Leo stepped into this fractious environment with undeniable grace and care. Indeed, before he uttered a single word, his actions spoke volumes: His papal name hearkened to Leo XIII, a bridge figure who emphasized both the Church’s traditional foundations and its social teachings. And though the world heard the name of another New World pope—to Rome from Chicago by way of Chiclayo—Leo XIV emerged on the loggia in the traditional red mozzetta and stole bypassed by Francis. Even his episcopal motto, a line from Augustine that he carried with him into the papacy and has referenced several times since, spoke of unity: In Illo uno unum (“In that One, [we are] one”).

In his first address, Leo’s first word was “peace,” and he spoke of a “united” Church “joining together as one people, always at peace.” And in his first homily, he proclaimed, “I would like that our first great desire be for a united Church, a sign of unity and communion, which becomes a leaven for a reconciled world.” The tone set in these first days only continued in other signal “firsts.” In his first apostolic exhortation, Dilexi Te, Leo spoke of communion (expressed also in a “communion of goods”) as “the Church’s vocation.” In his first catechesis on Vatican II, he spoke of the Church as “a mystery of communion and sacrament of unity.” And on the first day of his visit to Algeria, he opened once more with the word of “peace” and spoke of believers who “thirst” for unity: “In the face of a humanity yearning for fraternity and reconciliation, it is a great gift and a sacred duty for us to declare with conviction that we are always united as brothers and sisters, children of the one God!”

Leo has gone on to emphasize Church unity not only to bishops (“Stay united and do not defend your­selves against the provocations of the Spirit”) but also to lay associations: “Seek to spread everywhere this unity that you yourselves experience. . . . Draw close to all those whom you meet, so that your charisms may ever be at the service of the unity of the Church.”
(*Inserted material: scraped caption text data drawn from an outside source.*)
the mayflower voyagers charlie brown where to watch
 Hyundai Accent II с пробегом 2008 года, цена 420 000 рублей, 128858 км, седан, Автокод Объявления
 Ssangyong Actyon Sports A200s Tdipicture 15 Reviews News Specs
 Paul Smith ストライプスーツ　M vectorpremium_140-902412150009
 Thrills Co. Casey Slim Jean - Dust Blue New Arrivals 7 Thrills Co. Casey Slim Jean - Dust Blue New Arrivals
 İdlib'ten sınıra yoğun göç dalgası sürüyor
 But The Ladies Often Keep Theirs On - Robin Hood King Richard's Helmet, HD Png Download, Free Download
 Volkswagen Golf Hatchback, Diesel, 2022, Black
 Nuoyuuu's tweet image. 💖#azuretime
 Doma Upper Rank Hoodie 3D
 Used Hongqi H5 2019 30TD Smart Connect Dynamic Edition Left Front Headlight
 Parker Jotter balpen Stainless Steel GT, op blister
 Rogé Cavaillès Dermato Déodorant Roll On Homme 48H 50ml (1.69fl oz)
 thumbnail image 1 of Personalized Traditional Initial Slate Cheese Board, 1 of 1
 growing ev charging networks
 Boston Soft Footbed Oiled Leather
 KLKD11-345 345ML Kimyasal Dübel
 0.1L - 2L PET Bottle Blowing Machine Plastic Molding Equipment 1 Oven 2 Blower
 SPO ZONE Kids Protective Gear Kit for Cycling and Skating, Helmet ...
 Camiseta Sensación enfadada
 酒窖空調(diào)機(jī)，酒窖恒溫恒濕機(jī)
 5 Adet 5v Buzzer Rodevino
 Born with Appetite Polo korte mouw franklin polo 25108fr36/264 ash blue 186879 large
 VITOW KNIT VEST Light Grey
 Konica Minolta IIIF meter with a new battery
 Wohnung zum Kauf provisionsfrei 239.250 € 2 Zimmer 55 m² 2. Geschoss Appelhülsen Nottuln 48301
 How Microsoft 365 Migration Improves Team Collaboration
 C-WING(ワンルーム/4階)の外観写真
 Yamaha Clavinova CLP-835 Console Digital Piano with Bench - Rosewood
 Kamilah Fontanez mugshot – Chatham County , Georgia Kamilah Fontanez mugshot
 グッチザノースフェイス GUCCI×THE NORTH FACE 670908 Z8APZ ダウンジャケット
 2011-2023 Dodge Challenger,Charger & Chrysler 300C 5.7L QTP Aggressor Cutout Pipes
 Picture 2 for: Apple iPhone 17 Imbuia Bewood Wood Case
Why is this unity so close to Leo’s heart? Not only because it was likewise close to Augustine’s, but also because the one Church is, as Leo explains, the place of deepest unity with the Triune God: “The Church [is a] communion of believers, enlivened by the Holy Spirit, who enables us to enter into the perfect communion and harmony of the blessed Trinity.” And this unity with God—as members of the “whole Christ”—is, he noted in his first month, “the prerequisite for the inner unity of individuals, so necessary today, in this age of fragmentation.”

Christian unity

While divisions among Catholics are especially complex, divisions between Christians more broadly—especially since the Reformation—are especially copious. There are now, by conservative estimates, over nine thousand denominations. A Spirit-led ecumenical revival in the twentieth century that crested in the 1970s—a story traced in a new docudrama hitting theaters in May—has stalled out. But Christians seem to be drawing closer to one another again—a movement in which the pope is already very much playing a key part.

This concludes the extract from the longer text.